Comment rater un entretien de recrutement 24 juin 2010


C’est un privilège rare de voir quelqu’un faire quelque chose à la perfection. Inge de Bruin en natation, Kelly Slater en surf, ma mamie en cuisine.
Et puis il y a ce candidat qui se présenta à un entretien de recrutement il y a quelques semaines et qui foira la chose également à la perfection. La seule chose qui manquait peut-être était une grosse tache sur son costume.

D’abord, il était en retard. Tant pis, ça nous arrive à tous. Mais en retard d’une demi-heure ? C’était le premier accroc et il n’était pas encore assis.

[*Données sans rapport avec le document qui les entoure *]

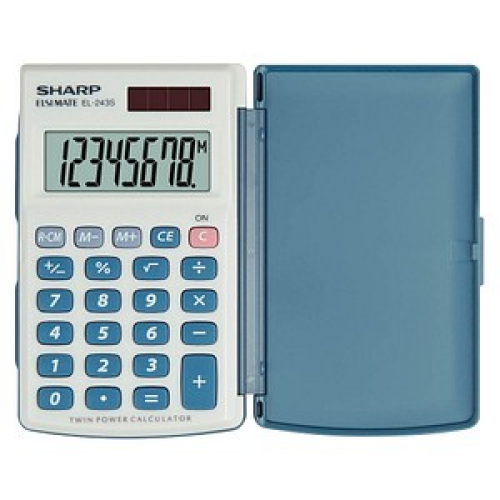 SHARP EL-243S Taschenrechner grau/blau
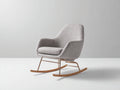 Mecedora tapizada 65x75x95 cm - gris claro - estilo contemporáneo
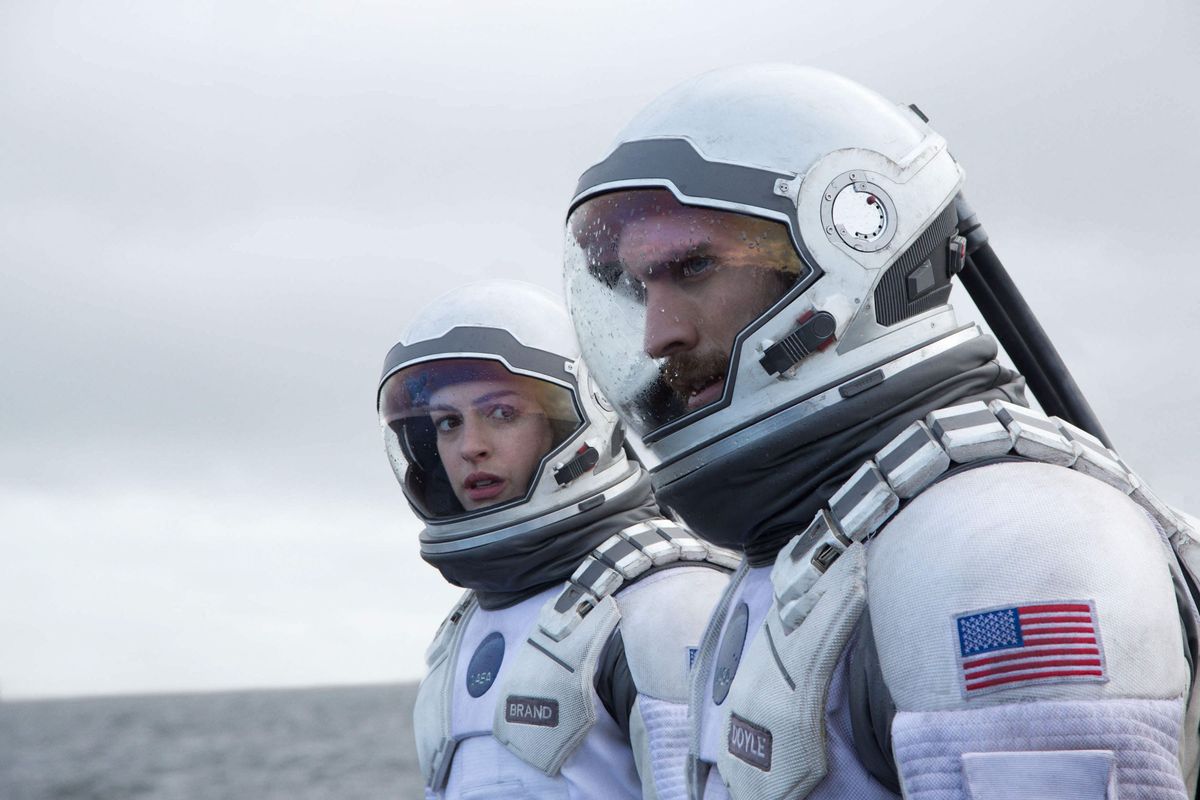 Interstellar
2014
Real  Christopher Nolan 
Anne Hathaway 
Matthew McConaughey
Collection Christophel © 2013 Warner Bros Entertainment Inc / Paramount Pictures Corporation (Photo by 2013 Warner Bros Entertainment I / Collection Christophel / Collection ChristopheL via AFP)
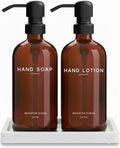 Amber Glass Soap and Lotion Dispenser Set by BrighterBarns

Deuxième accroc, il ne s’excusa pas. D’une façon générale je ne suis pas favorable aux excuses. Dans un contexte professionnel c’est avant tout l’organisation qui vous place en mauvaise posture, ce n’est donc pas à vous de vous excuser. Mais néanmoins pour le cas qui nous concerne, c’était lui tout seul qui était en retard. Je ne demandais pas qu’il tombe à genoux sur la moquette du 7e étage, mais un « Pardon pour mon retard » aurait été approprié.

Tout cela aurait pu être toléré s’il n’avait pas ensuite tendu la main en annonçant « monsieur Durand, HEC promotion 2002. » Ce genre d’annonce prétentieuse me met hors de moi parce que précisément l’école des Hautes Études Commerciales semble valoriser ce genre de personnalité au lieu de leur apprendre l’humilité. Nous autres quand nous sortons du Massachusetts Institute of Technology, nous savons bien qu’il y a toujours quelqu’un de meilleur, quelque part.
Bref, il entrait dans les limites de la Règle de trois du management et ça partait mal.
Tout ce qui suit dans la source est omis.